The political theorist Benjamin Barber warns that school choice does not really provide freedom for families: “We are seduced into thinking that the right to choose from a menu is the essence of liberty, but with respect to relevant outcomes the real power, and hence the real freedom, is in the determination of what is on the menu. The powerful are those who set the agenda, not those who choose from the alternatives it offers. We select menu items privately, but we can assure meaningful menu choices only through public decision-making.” (Consumed, p. 139)

John Thompson is a historian and a retired teacher in Oklahoma. He is also a meticulous researcher. Emily Oster is an economist at Brown University who said early in the pandemic that it was safe to open schools.

Thompson writes:

New post on Network for Public Education.

John Thompson: COVID and Schools

John Thompson takes a look at Emily Oster’s crusade to get school buildings open.

He writes:

When I started following Emily Oster’s links and critiquing her analyses of COVID in schools, I first worried about her simplistic conclusions such as, “The evidence is pointing in one direction.
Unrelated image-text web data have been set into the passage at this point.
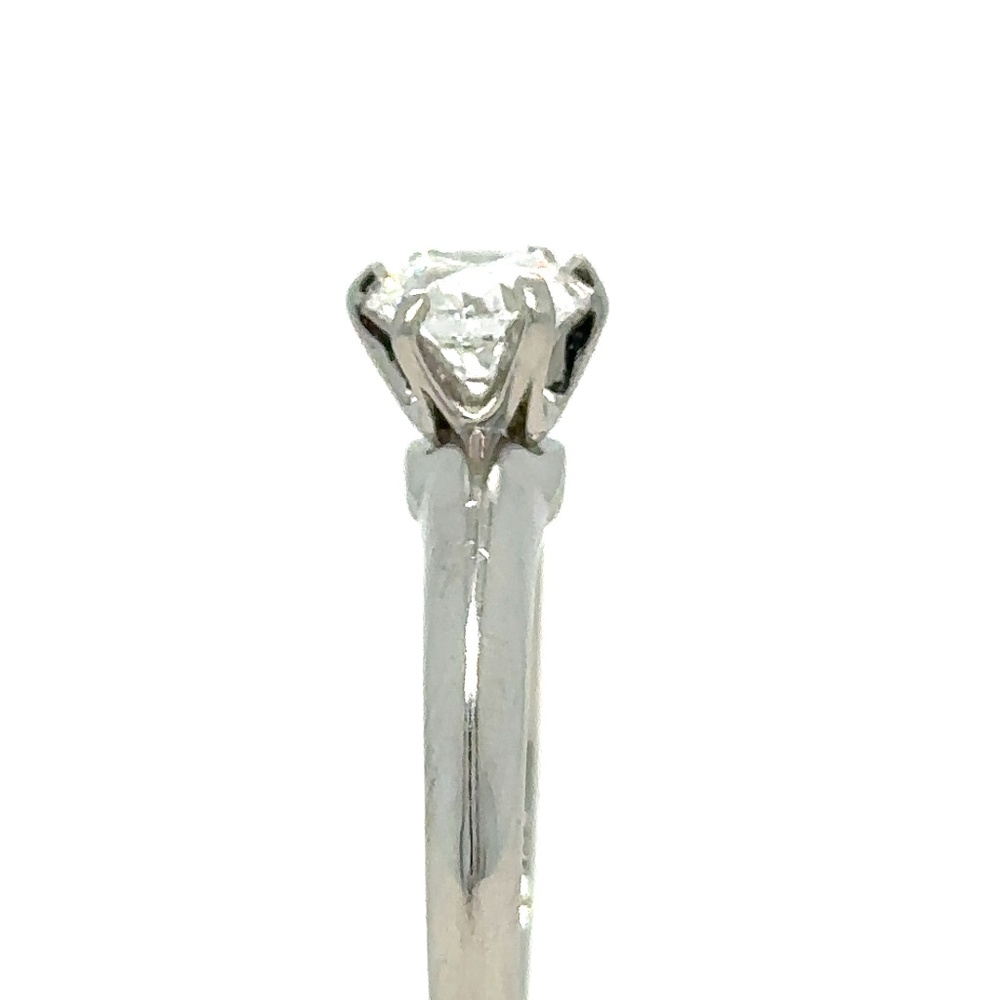 Tiffany & Co Engagement Ring 0.94ct - Picture 5 of 14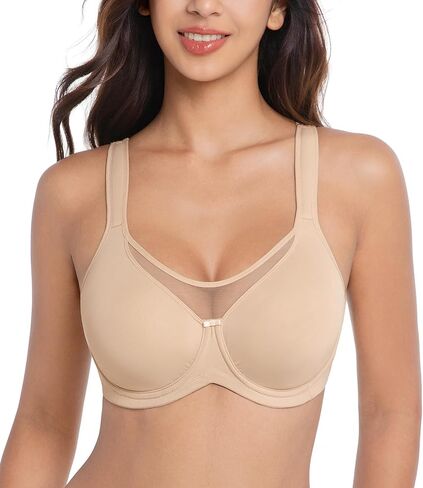 Minimizer Bowknot Racerback Underwire Bra for Women in Saudi Arabia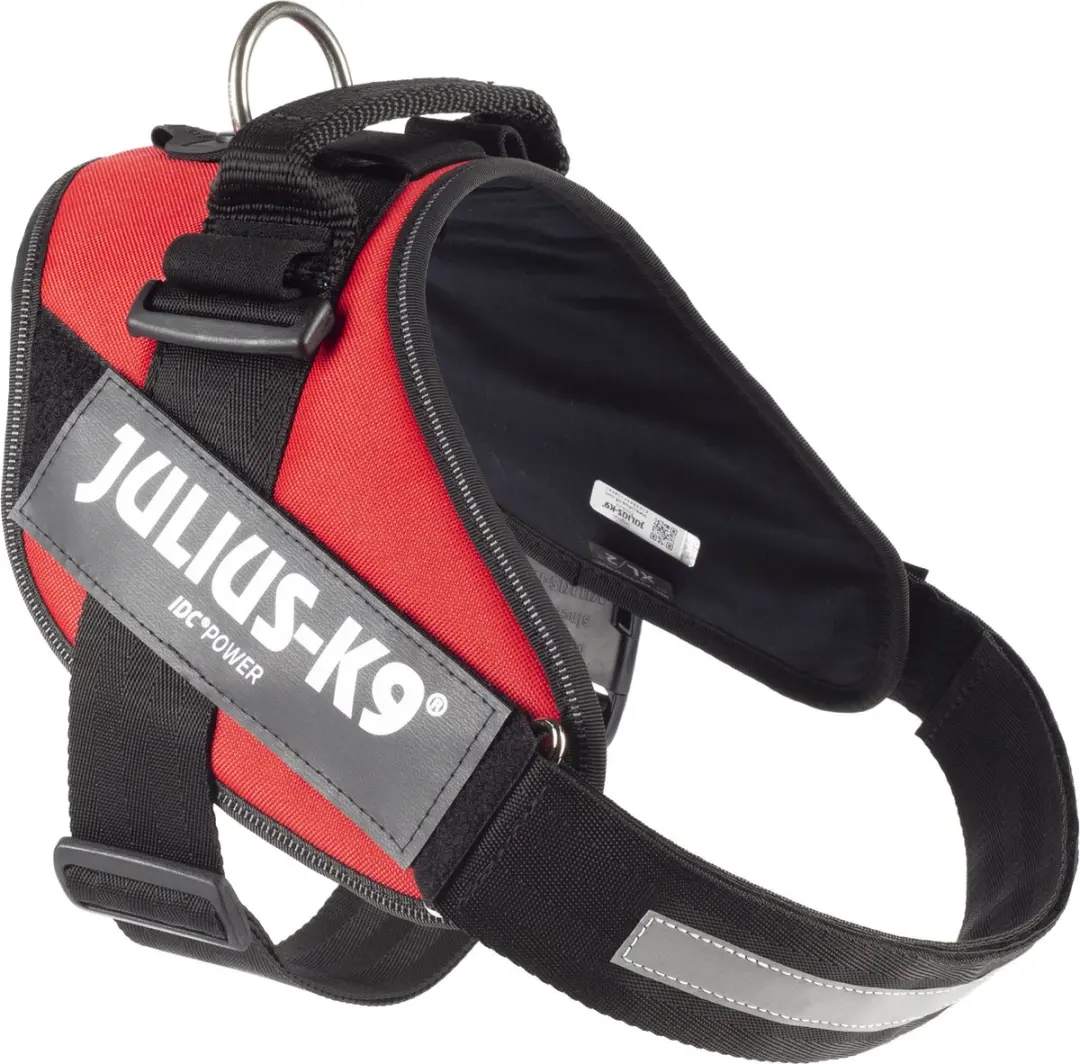 Julius K9 IDC Powertuig XL - Maat 2 - Rood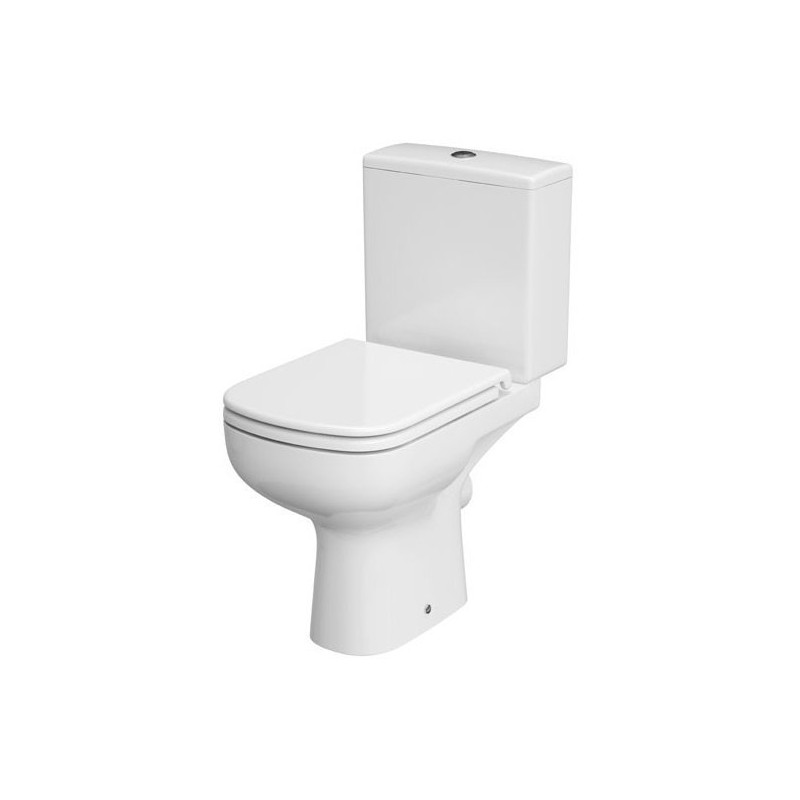 Kompakt WC COLOUR CLEANON 011 - Nowoczesna Elegancja bez Deski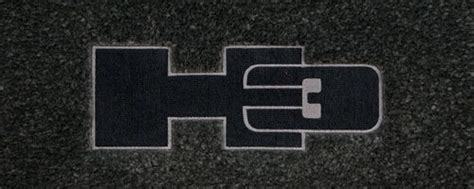 Hummer H3 Logo Floor Mats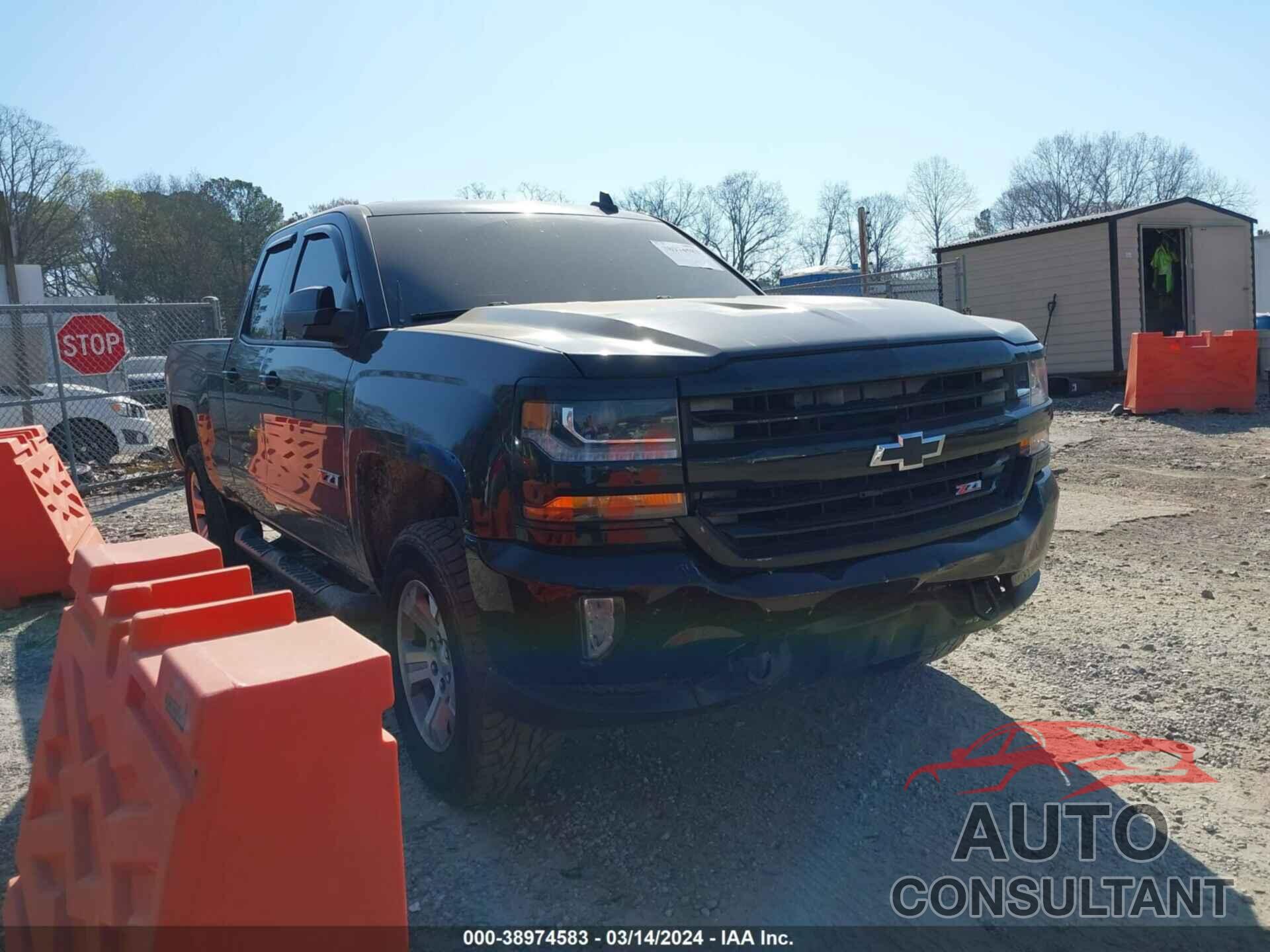 CHEVROLET SILVERADO 1500 2016 - 1GCVKREC8GZ265651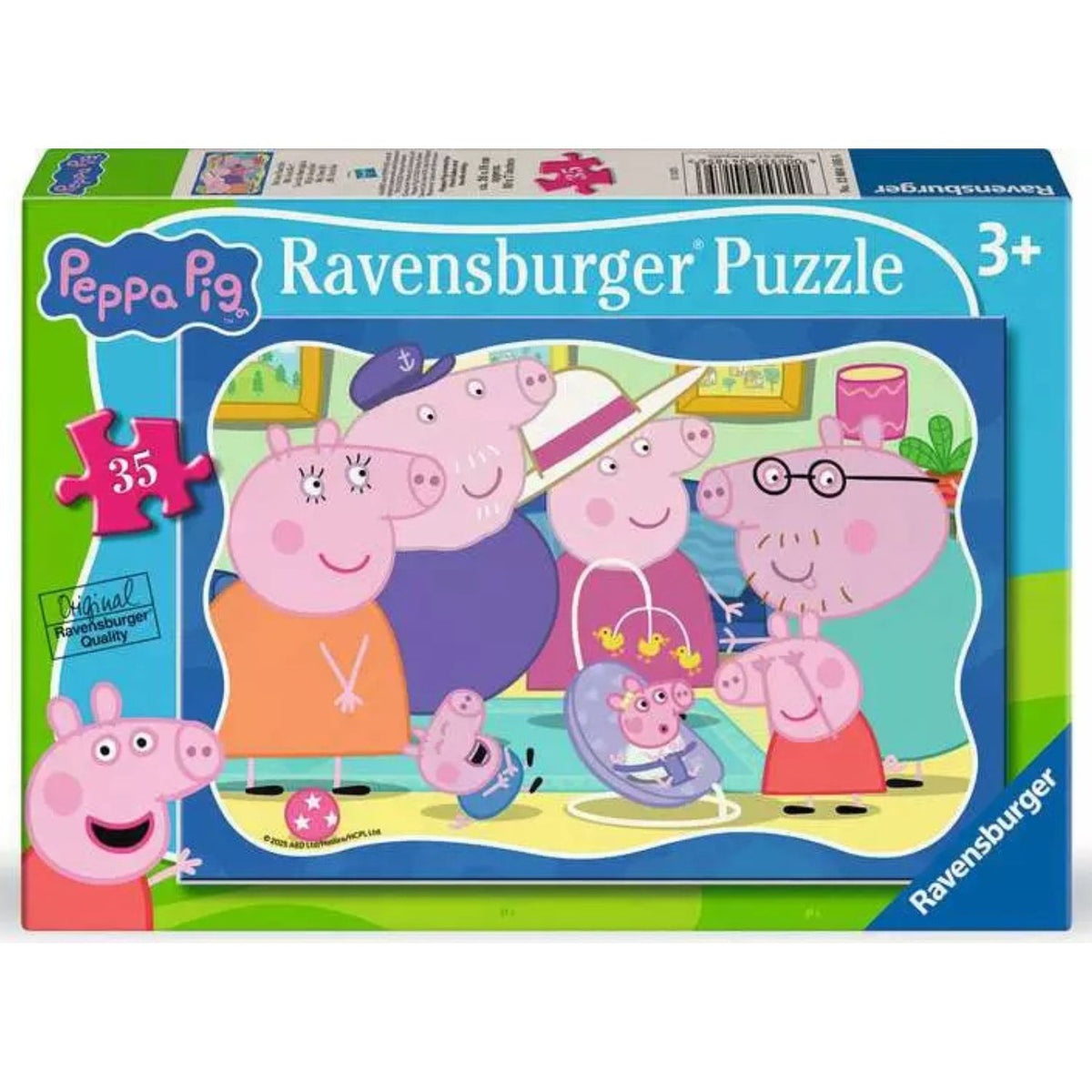 peppa pig puzzle box 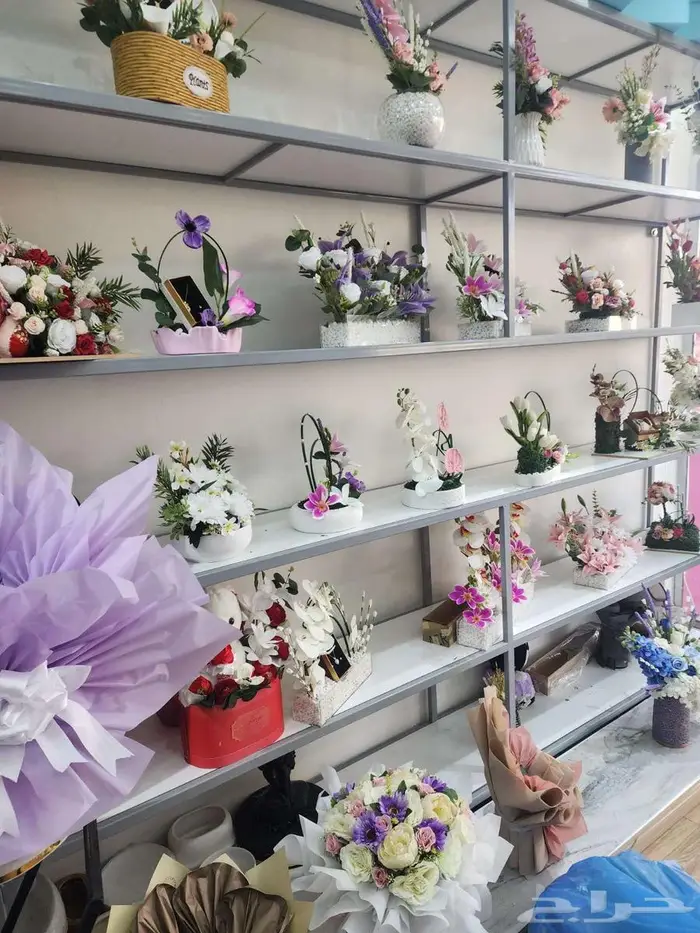 محل ورد للتقبيل الرياض حي طويق 6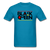 Black Queen - turquoise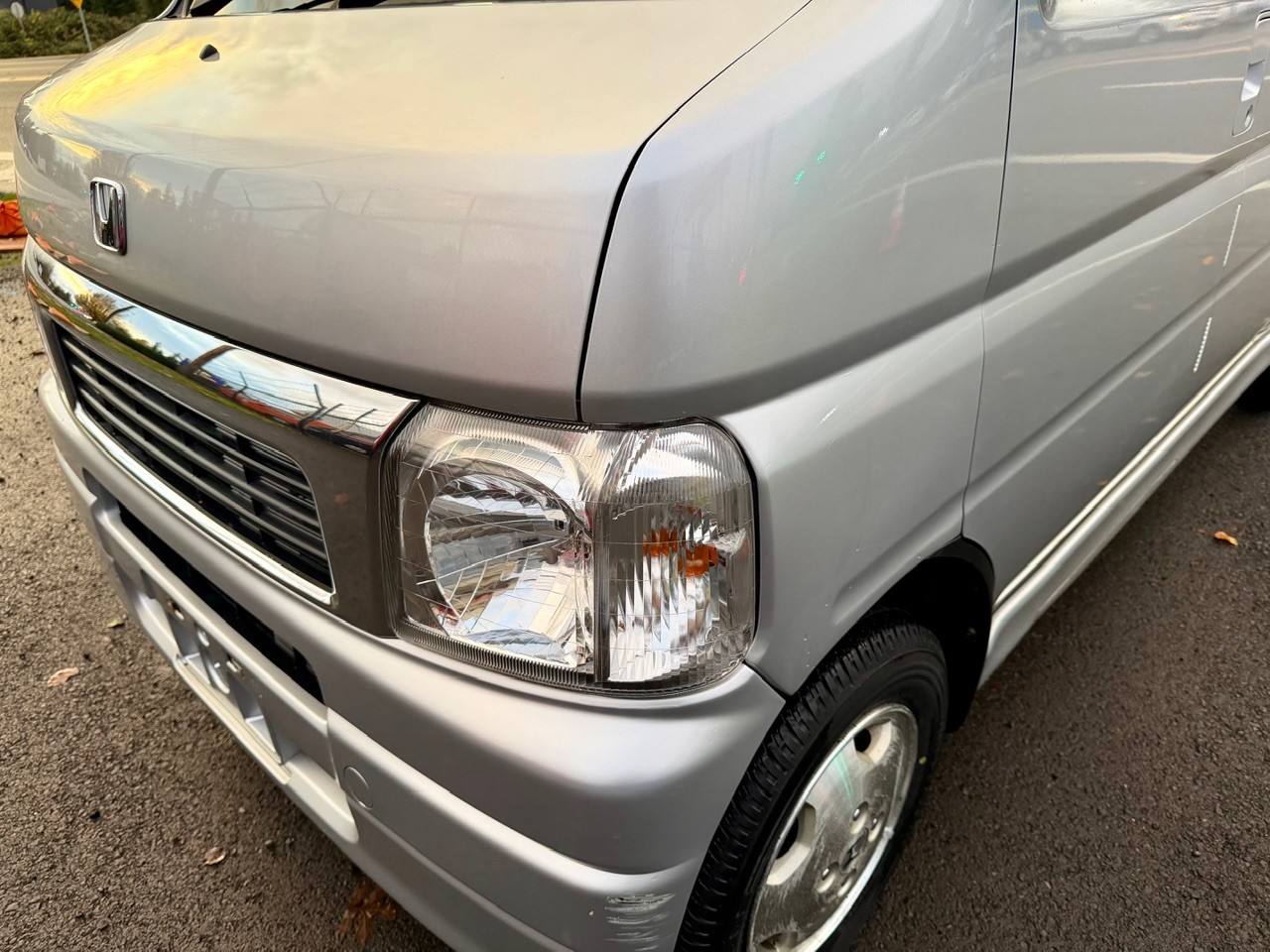 2000 Honda Vamos Realtime 4WD, PS, PW, AC, Airbag, 5MT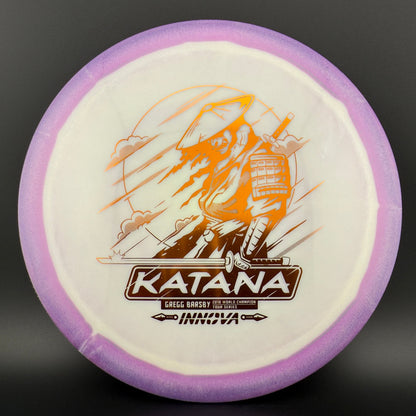 Proto Glow Halo Star Katana - Gregg Barsby 2025 Tour Series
Schools do not, in fact, appear to be major spreaders of COVID-19.” Since Diane Ravitch posted on epidemiologists Abigail Cartus’ and Justin Feldman’s research, I better understand where Oster was coming from, and how “Oster’s emphasis on individualism and personal choice ring sweetly in the ears of the rightwing philanthropists.”

Oster went “viral” when arguing that educators’ fears were “overblown,” and that kids are “simply very unlikely to be infected.” But, as she made those claims, Oster ignored evidence that schools were significant spreaders, such as the CDC’s summaryof Wisconsin infections from Sept 3 to Nov16, 2020. That state’s schools were the 4th largest source of infections, following long term care and corrections facilities, and colleges; an estimated 14% of infections were linked to schools.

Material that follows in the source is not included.